US-Regierung fordert Aufstockung: Abwrackprämie in den USA der Renner
zuletzt aktualisiert: 03.08.2009 - 08:49Washington (RPO). Das Repräsentantenhaus in den USA hatte erst am Freitag zwei Milliarden Dollar für das Programm "Cash for Clunkers" (Bares für Rostlauben) gebilligt. Eine Milliarde Dollar dürfte am ersten Wochenende schon aufgebraucht sein.
Die US-Regierung hat den Senat aufgefordert, umgehend die Mittel für eine Aufstockung der Abwrackprämie freizugeben. Ohne die zusätzlichen zwei Milliarden Dollar müsste das Programm in den nächsten Tagen ausgesetzt werden, sagte Verkehrsminister Ray LaHood am Sonntag in einem Interview des Senders C-SPAN. Die bisher eine Milliarde Dollar dürften an diesem Wochenende aufgebraucht sein. Er sei aber zuversichtlich, dass der Senat zustimmen werde, sagte LaHood weiter.

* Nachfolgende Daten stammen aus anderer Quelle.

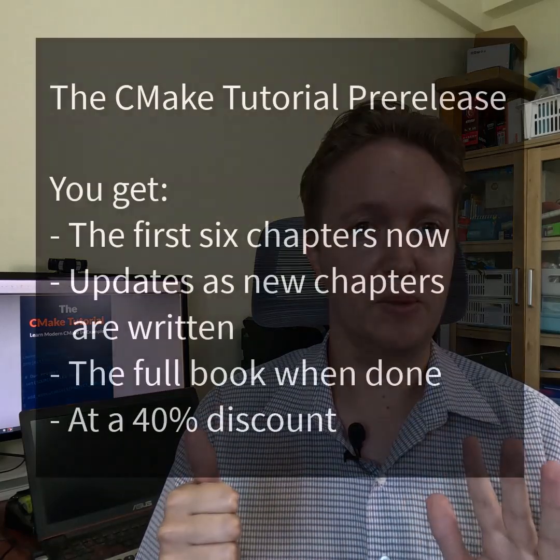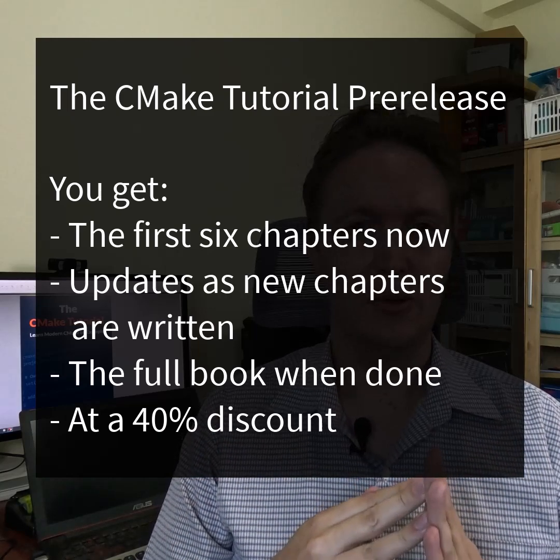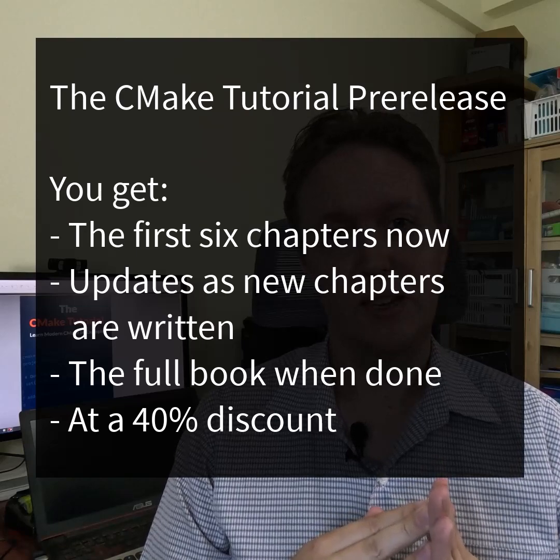To sweeten the pot a little, there's a 40% discount if you get it now. You can get the first six chapters, which is already very useful, you'll get updates, and you'll get the full book — all at a 40% discount if you get it now.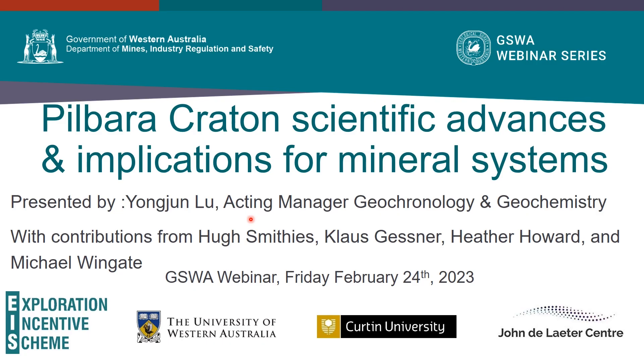Today, I'm going to talk about several scientific advances of Piber Craton and their implications for mineral systems. First of all, I would like to acknowledge many of my collaborators, particularly Hugh Smithies, Klaus Gessler, Heather Howard, and Michael Wingate for this talk.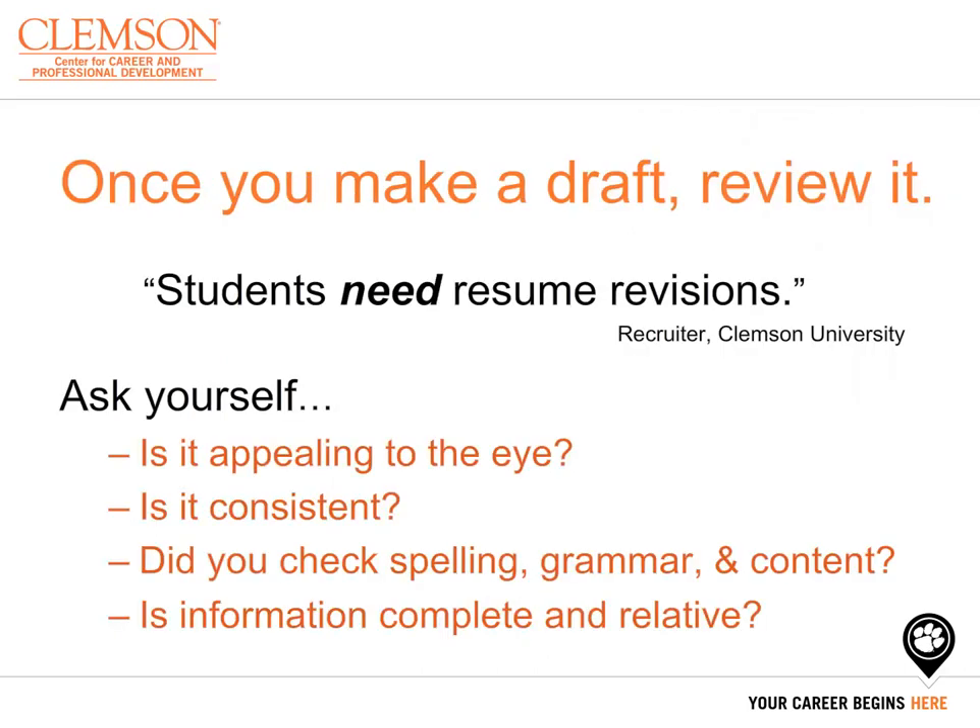Students need resume revisions — this is a direct quote from a recruiter hiring Clemson students, and it shows the importance of having your document reviewed before you finalize it. Ask yourself: is it appealing to the eye? Is it consistent? Did you check spelling, grammar, and content? And is the information complete and relevant? To aid in this process, utilize your network of faculty, advisors, and peers to provide feedback, as well as career counselors at the Career Center.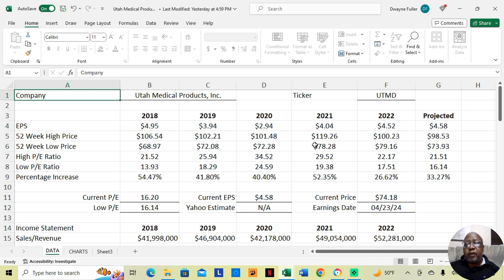Now, one thing to notice for this stock: in 2021, the high price was at $119.26; in 2022, it dropped to $100.23; and now the estimate for this year is $98.53. Meaning, if this is a stock you're considering for the long term, you may want to reconsider, because over the years we see the high price decreasing for the last two to three years.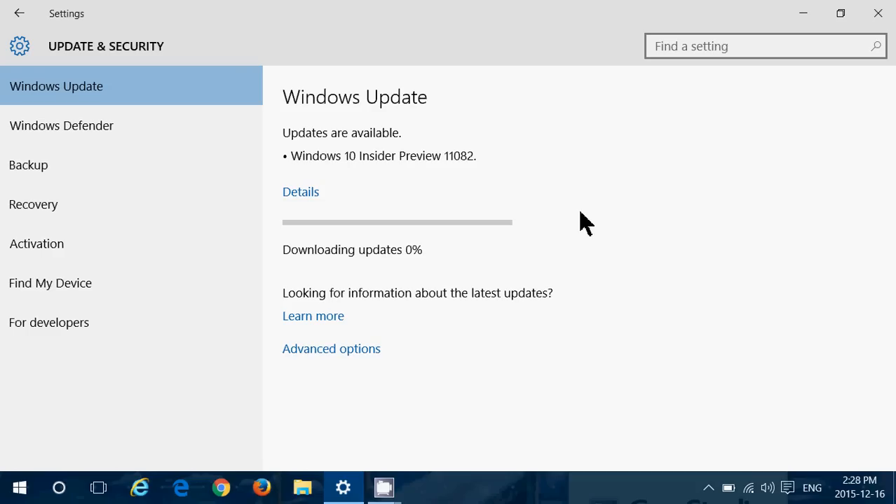Just go into your updates — you have to be in the fast lane to get Windows 10 Insider Preview 11.082, available right now.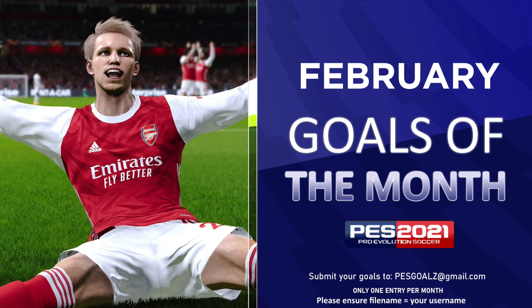Welcome to February's goal of the month competition. Please ensure you only submit one entry per month and save your goal's file name with the name or username you want displayed on the monthly video — it's going to be a massive help to me, so I'd really appreciate that. Let's get straight into this.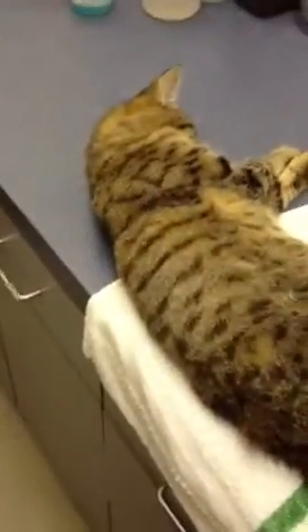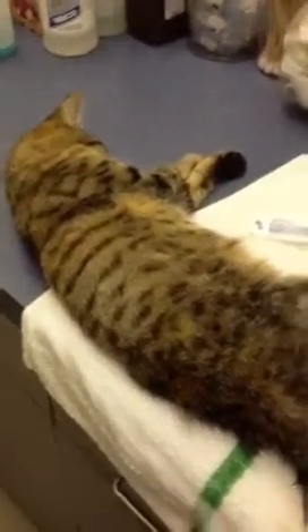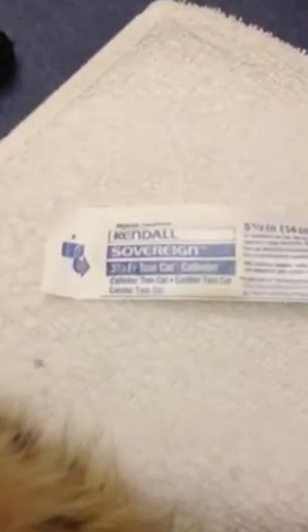Doc Positive here at the Paws Veterinary Clinic. We're here with Petey, a kitty cat who had a urinary tract obstruction and was in the other day. We actually relieved the obstruction, got him unblocked and urinating on his own.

Das Repräsentantenhaus hatte am Freitag die zwei Milliarden Dollar für das Programm "Cash for Clunkers" (Bares für Rostlauben) gebilligt. Nun dringt das Weiße Haus darauf, dass der Senat ebenfalls noch vor der Sommerpause zustimmt. Mindestens ein republikanischer Senator hat sich aber bereits kritisch über die Initiative geäußert, die zuletzt Ford nach eigener Darstellung wieder zu steigenden Verkaufszahlen verholfen hat.
Seit Montag voriger Woche können US-Autobesitzer ihr altes Modell gegen ein neues umweltfreundlicheres Fahrzeug eintauschen und dafür eine Prämie von bis zu 4500 Dollar bekommen. Bereits 40.000 Anträge seien bei den Behörden eingegangen, sagte der demokratische Abgeordnete Dave Obey. Vermutlich seien bis zu 200.000 weitere Autos im Rahmen des Programms verkauft worden, ohne dass die Anträge auf Erstattung der Prämie bislang bearbeitet seien.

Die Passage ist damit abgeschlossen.